Version du 14 août 2016 à 11:41

Titre : Interview d’Adrienne Charmet par Adrien

Intervenants : Adrienne Charmet - Adrien

Lieu : Polygeek#56 - Privacy Go

Date : Août 2016

Durée : 32 min 38

Licence : Verbatim

Pour écouter l'enregistrement


Statut : Transcription MO

Transcription

00'

Voix Off : Je vous demande de vous arrêter.

Adrien : Bonjour. Je suis avec Adrienne Charmet qui est porte-parole et coordinatrice es campagnes de La Quadrature du Net depuis 2014. Et auparavant tu étais présidente puis directrice des programmes de Wikimédia France, entre 2019 et 2014. Tu es une militante, spécialiste, en gros, de tout ce qui touche au Libre, à la protection de la vie privée, liberté d’expression sur Internet, la neutralité du Net, tout ça. Du coup ce sont des sujets qui nous sont chers à Polygeek. Le sujet qu’on voulait explorer aujourd’hui c’est celui de la protection de la vie privée, des données personnelles. C’est un sujet qui est relativement large. Il y a beaucoup de choses à dire en ce moment sur ça. Et peut-être que pour commencer on pourrait revenir sur un évènement qui a marqué l’actualité il y a quelques mois, l’affaire de l’iPhone de San Bernardino.

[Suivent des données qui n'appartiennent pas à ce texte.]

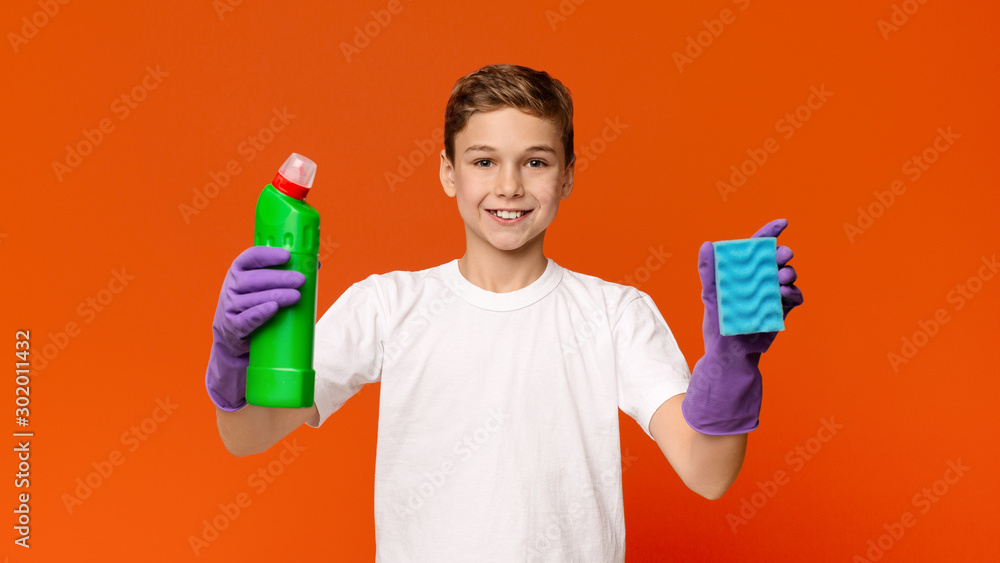 Teenager in protective gloves holding sponge and bottle with detergent Teenager in protective gloves holding sponge and bottle with detergent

Pour un petit rappel c’est le FBI qui avait demandé à Apple de déverrouiller un iPhone dont le propriétaire était impliqué dans un crime. Et il s’en est suivi quelques semaines/mois de bagarre médiatique et judiciaire jusqu’à ce que le FBI annonce qu’il l’avait débloqué par ses propres moyens. C’est quoi le regard que vous jetez sur ça quelques mois après cette histoire ?

Adrienne Charmet : La première chose à dire, peut-être, sur cette histoire, c’est que n’est pas simplement un crime. Il n’avait pas servi simplement à un crime, il avait servi à un acte terroriste et ça change pas mal de choses. Parce que ça a mis en lumière pas mal de problèmes qui se posent aujourd’hui avec la pression du risque terroriste. Ce n’est pas la première fois que le FBI demande à Apple de déverrouiller des iPhones. Ce n’est pas la première fois que le chiffrement pose un problème. Mais la raison pour laquelle ça a été aussi médiatisé et peut-être la raison pour laquelle Apple a tenu une position très ferme là-dessus c’est que l’argument du terrorisme est devenu, en fait, une sorte d’argument moral. Il faut se souvenir que ce n’était même pas, on va dire, deux/trois mois après les attentats de novembre en France. Quel regard on porte là-dessus ?

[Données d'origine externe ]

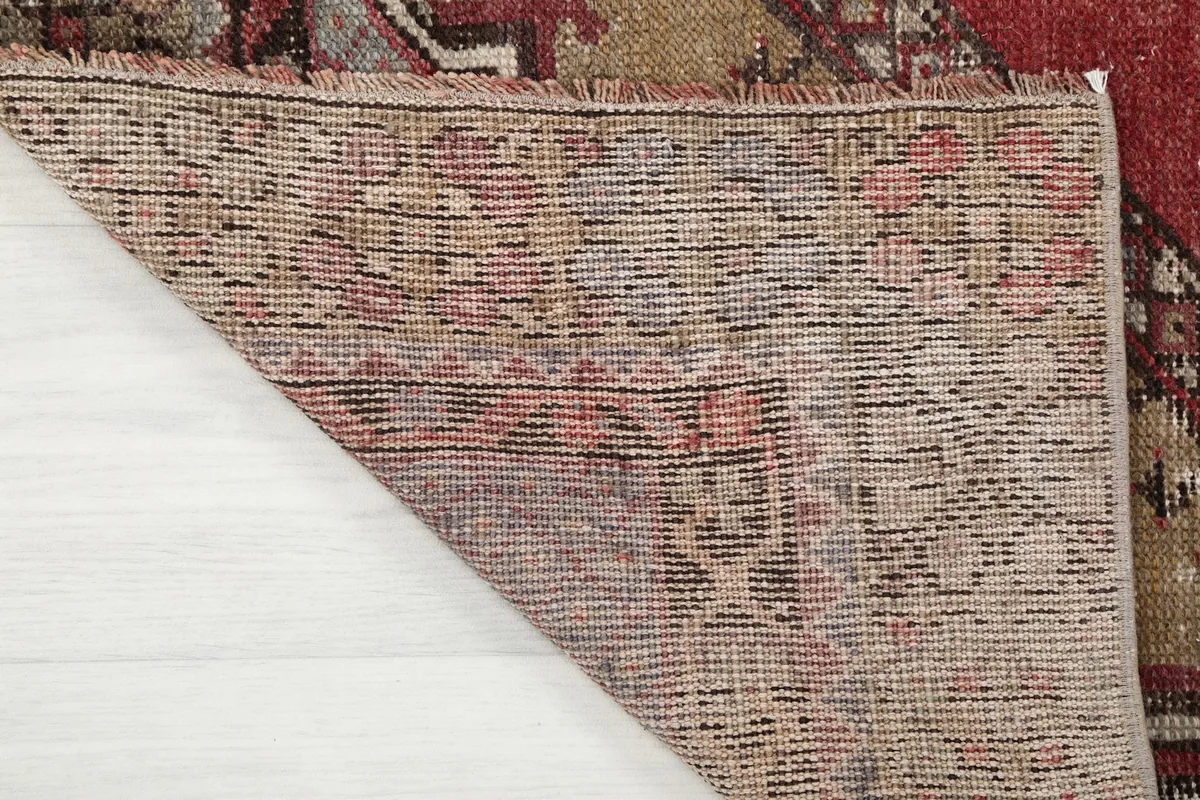 Underside view of the hand-knotted cotton foundation, revealing the rug's construction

D’une part, on va dire, on a deux problèmes sur cette question-là. On a la question des outils qui deviennent inviolables, donc d’un chiffrement lourd, qui n’est pas maîtrisé par un intermédiaire mais maîtrisé directement par l’utilisateur. C’est-à-dire que l’argument d’Apple est de dire : « Je ne peux déverrouiller, moi, cet iPhone. Ce que vous me demandez de faire c’est de créer une porte dérobée qui peut servir à déverrouiller cet iPhone mais aussi d’autres. » On est obligés de remonter plus haut, on va dire, dans la conception de l’appareil pour pouvoir le déverrouiller. Donc ça c’est la première question : qu’est-ce qu’on fait avec ce chiffrement robuste, maîtrisé par l’utilisateur où, en fait, si l’utilisateur ne donne pas la clef de déchiffrement, personne ne peut y accéder ?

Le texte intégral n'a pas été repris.